Seit 1987 im Parlament

Die Grünen sind seit 1987 im Frauenfelder Gemeinderat, seit den Wahlen 2007 haben sie vier Sitze. «Diese vier Sitze wollen wir mindestens halten, ein zusätzliches Mandat wäre natürlich toll», sagt Rüetschi. Erreichen wollen das die Grünen mit 18 Kandidaten. Dazu gehören die vier Bisherigen Eveline Buff, Peter Wildberger, Jürg Joss und Peter Heri. «Auf unserer Liste stimmt die Altersdurchmischung, zudem hat es Menschen aus verschiedensten Berufen», sagt Rüetschi. Daher sei sie mit der Liste zufrieden, auch wenn der Frauenanteil wie bei anderen Parteien auch zu klein sei.

Obwohl die grünen Anliegen in den vergangenen Jahren stetig an Bedeutung gewonnen haben, wurde es für die Grüne Partei nicht unbedingt einfacher. Denn mittlerweile haben auch andere Parteien ihr Energiegewissen entdeckt, allen voran die noch junge Partei der Grünliberalen. Diese hat zuletzt in Frauenfeld auch die zweite Solar-Initiative lanciert. «Wir arbeiten mit den Grünliberalen zusammen, auch wenn ich die Partei eher als bürgerliche Gewissensberuhigung sehe», sagt Rüetschi.

Mehr Strassen – mehr Verkehr

Ihre Partei aber stehe wirklich zu ihren Ideen und setze sich für eine «lebenswerte Stadt für alle» ein. Dazu gehört natürlich der verantwortungsvolle Umgang mit den Ressourcen. «Im städtischen Richtplan Energie ist das Ziel der 2000-Watt-Gesellschaft formuliert. Dieses Ziel sowie das Gold-Label verpflichten die Stadt auch, entsprechend zu handeln», sagt Rüetschi.
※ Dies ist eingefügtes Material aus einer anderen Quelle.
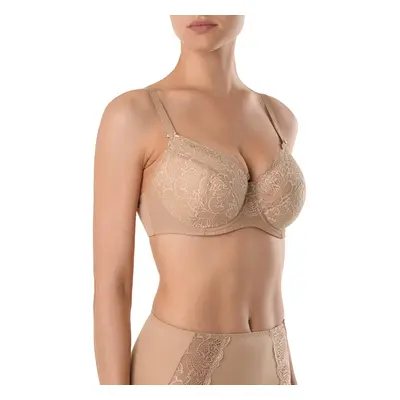 Conte Woman's Bras Rb5015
Aber es geschehe noch zu wenig, findet sie.

Einen weiteren Schwerpunkt der Grünen sieht Rüetschi beim Thema Verkehr. «Das Ziel muss eine verkehrsfreie Innenstadt sein.» Wichtig sei, dass man keine neue Strassen baue, das vorhandene Netz reiche völlig aus. Denn für Rüetschi steht fest: «Je mehr Strassen es gibt, desto mehr Verkehr hat es.» Daher müsse das Verhalten der Menschen geändert werden, zum Beispiel mit einem weiteren Ausbau des öffentlichen Verkehrs oder mit der Aufhebung von Parkplätzen im Zentrum. Als dritten Schwerpunkt nebst Energie und Verkehr sieht Rüetschi die Kultur. «Die grüne Partei setzt sich für die Kultur ein. Uns geht es allerdings nicht darum, dass die Stadt Sämtliches voll finanziert. Aber die Stadt muss die Kultur fördern.»

Alles in allem wollten sich die Grünen weiterhin dafür einsetzen, dass die künftigen Generationen eine gute Welt vorfinden. Dazu notwendig ist für Rüetschi eben eine saubere und grüne Politik.